Articles Posted in Business Torts

Where the trial court found that the defendants committed fraud, not breach of contract, the damages awarded were not limited by language in the parties’ contract.

In Amonett’s Eagle Auction & Realty, LLC v. Norris Bro. Properties, LLC, No. E2024-01931-COA-R3-CV (Tenn. Ct. App. Dec. 17, 2025), the plaintiff was an auction company that contracted to sell real property at auction for the defendants. During the auction, the individual defendants bid on the property themselves to increase the price, and they caused a shill bidder to also take part and increase the price. An LLC owned by the defendants won the auction, but it refused to complete the sale.

The plaintiff auction company filed this suit, asserting various tort claims. The trial court found that the defendants committed fraud and intentional misrepresentation, and it awarded the plaintiff over $91,000 as compensation for the plaintiff’s damages for not having the sale completed, lost time, lost sales expenses, and attorneys’ fees. While the defendants did not appeal the finding of fraud, they did appeal the damages awarded.

Where a town asserted that an individual member of an LLC had promised that the LLC would pay a certain amount towards a road improvement project, but that the LLC never intended to pay that amount, the town had stated a cause of action for promissory fraud against the individual.

In CCD Oldsmith Henry, LLC v. Town of Nolensville, No. M2024-01102-COA-R3-CV (Tenn. Ct. App. Aug. 21, 2025), Plaintiff LLC asked Defendant town to rezone property so that the LLC could develop residential units. Plaintiff LLC had two members—Smith and Olderman. Both Smith and Olderman attended the rezoning hearing, but Olderman did not speak during the hearing. When the discussion turned to improvements to a nearby intersection that would be required by the rezoning, Smith stated that “we can contribute the difference” in reference to the amount remaining after the state contributed.
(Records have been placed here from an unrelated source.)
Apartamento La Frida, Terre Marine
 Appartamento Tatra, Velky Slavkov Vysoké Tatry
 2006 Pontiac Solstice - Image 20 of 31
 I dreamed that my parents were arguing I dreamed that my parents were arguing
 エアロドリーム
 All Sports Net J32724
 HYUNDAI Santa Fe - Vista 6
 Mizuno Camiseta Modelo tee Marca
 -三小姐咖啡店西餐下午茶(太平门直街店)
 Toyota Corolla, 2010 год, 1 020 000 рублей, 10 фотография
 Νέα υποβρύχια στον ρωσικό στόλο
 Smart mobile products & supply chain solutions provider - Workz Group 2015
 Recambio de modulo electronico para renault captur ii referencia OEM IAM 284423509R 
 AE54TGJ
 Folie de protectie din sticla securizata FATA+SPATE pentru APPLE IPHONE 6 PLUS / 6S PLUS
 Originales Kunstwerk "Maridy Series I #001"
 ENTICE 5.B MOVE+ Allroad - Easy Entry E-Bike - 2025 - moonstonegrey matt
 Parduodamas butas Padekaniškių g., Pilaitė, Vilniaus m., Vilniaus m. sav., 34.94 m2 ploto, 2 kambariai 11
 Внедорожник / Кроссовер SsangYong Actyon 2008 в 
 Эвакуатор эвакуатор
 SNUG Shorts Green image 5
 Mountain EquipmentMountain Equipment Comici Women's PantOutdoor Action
After additional discussion, the board approved the rezoning and “limited [the LLC’s] contribution to no more than 50% of the costs.”

At some point following the meeting, the town sent a bill to the LLC, and the LLC refused to pay the amount requested. The town then refused to issue building permits, and the LLC filed suit. The town filed a counterclaim against the LLC, as well as a motion to join Smith and Olderman individually, alleging that Smith and Olderman “fraudulently and negligently misrepresented what Oldsmith was willing to pay.” The trial court denied the motion to add Smith and Olderman as individuals, ruling that there was no personal liability on their parts. On appeal, that ruling was overturned as to Smith.

Where plaintiffs asserting a tortious interference with a business relationship claim could not show that the defendants intended to cause a breach or termination of the relationship, which had already been breached before defendants’ involvement, or that defendants acted with an improper motive, summary judgment for defendants was affirmed.

In Throckmorton v. Lefkovitz, No. M2022-01124-COA-R3-CV (Tenn. Ct. App. Feb. 29, 2024), plaintiff attorneys had previously represented clients in a property dispute in which clients’ goal was to be awarded the property at issue. Plaintiffs and clients had entered into a contingency fee agreement stating that clients would pay plaintiffs a percentage of the recovery, but recovery was not defined. After clients successfully obtained the property, plaintiff attorneys attempted to recover the percentage in the fee agreement based on a contract for the sale of the land that clients entered into. Clients contested that the amount sought was reasonable, and clients eventually hired defendant attorneys to represent them in the fee dispute.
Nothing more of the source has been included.